Fairbanks Children’s Museum finds temporary home at the Museum of the North
Julie Herrmann/Sun Star Reporter
Oct. 21, 2013
The Fairbanks Children’s Museum has a temporary home in the UAF Museum of the North. U
ntil April 30, the Children’s Museum will be housed in a room just past the front desk of the Museum of the North.
Before moving there, the Children’s Museum had operated as a museum without walls. It held events once a month at various places around Fairbanks including high school gyms, Friends Church, the Pioneer Park Civic Center and the Student Recreation Center.
“We’d have 500 to 700 people in four hours,” said Brenda Riley, the Executive Director of the Fairbanks Children’s Museum. “This is something the Fairbanks community really wants to see and come to.”
Riley, along with other Fairbanks moms, began thinking about starting a children’s museum back in 2006. They researched children’s museums and did outreach for the next few years before filing for non-profit status in 2011 and beginning the museum without walls events.
In January, the Museum of the North invited the Children’s Museum to set up a mini-museum inside the museum for the fall, winter and spring. The point of the museum, according to the Children’s Museum website, is to spark curiosity and life-long learning. The room is full of bright colors and fun exhibits.
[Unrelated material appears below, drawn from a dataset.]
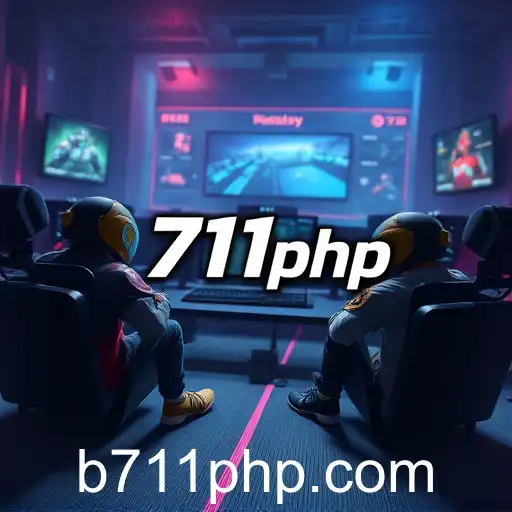 The Rise of 711php in the Gaming World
An air maze, over 10 feet high, covers part of one wall. Children feed balls and handkerchiefs into the beginning of a set of a tubes. Air flows through the tubes pushing the balls and handkerchiefs along. The flow can be altered by flipping paddles to send the balls down different routes.
Another area holds pieces of pipe and cut out blocks of wood so children can build their own mazes to send balls rolling down.
Another wall holds a large white light covered in black plastic punched with hundreds of holes. Translucent colored rods can be wedged into the holes to create patterns, pictures and words, which become almost neon when the light shines through.
There are drums, a play shopping market, books and magnet boards.
“It’s great to have all these cool things for them to play with,” said Jen Gunderson, who brings her daughter, Ada, to the museum about twice a week. “Especially in the winter when it’s cold and dark.”
There are frequent crafts. The craft area has a table containing rows of child’s scissors, colored pencils and glue sticks. On Thursday, the craft was making masks. The children made the masks out of paper plates, cutting holes for eyes and gluing on various shaped noses and ears.
“There’s not a lot of places for young children in Fairbanks,” said Greta Myerchin-Tape, mom to daughters Odetta and Iris. Places like the swimming pool have limited hours that don’t work with every schedule, according to Myerchin-Tate. The children’s museum, however, is open all day.
In April, the Fairbanks Children’s Museum will leave the museum and Riley isn’t sure where it will go for the summer. There’s a chance the museum will come back to the Museum of the North again in the fall of 2015. In the summer, the room the children’s museum is in, is used to show movies to tourists.
The Fairbanks Children’s Museum is open from 9 a.m. to 5 p.m. Monday through Friday and 10 a.m. to 5 p.m. Saturday and Sunday.